(Exercise requirements): Produce an exact copy of the lines from the line containing "Bisou Bisou Michele" through the last line of the listing below, both ends included, and nothing else.

(Source material):
---

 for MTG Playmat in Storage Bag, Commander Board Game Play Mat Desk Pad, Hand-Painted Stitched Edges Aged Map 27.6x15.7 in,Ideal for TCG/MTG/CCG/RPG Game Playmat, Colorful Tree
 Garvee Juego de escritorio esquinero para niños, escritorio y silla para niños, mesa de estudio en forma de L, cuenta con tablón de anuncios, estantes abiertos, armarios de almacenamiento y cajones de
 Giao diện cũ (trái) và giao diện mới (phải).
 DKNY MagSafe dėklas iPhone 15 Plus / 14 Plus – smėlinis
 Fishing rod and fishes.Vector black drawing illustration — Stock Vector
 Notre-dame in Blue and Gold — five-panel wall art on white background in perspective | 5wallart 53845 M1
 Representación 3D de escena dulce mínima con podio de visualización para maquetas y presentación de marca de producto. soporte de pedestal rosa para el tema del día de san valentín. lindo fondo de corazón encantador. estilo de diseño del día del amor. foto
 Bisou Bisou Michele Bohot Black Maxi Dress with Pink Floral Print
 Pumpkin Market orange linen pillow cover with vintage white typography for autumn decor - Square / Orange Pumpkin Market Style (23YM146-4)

---

(Answer for the task):
 Bisou Bisou Michele Bohot Black Maxi Dress with Pink Floral Print
 Pumpkin Market orange linen pillow cover with vintage white typography for autumn decor - Square / Orange Pumpkin Market Style (23YM146-4)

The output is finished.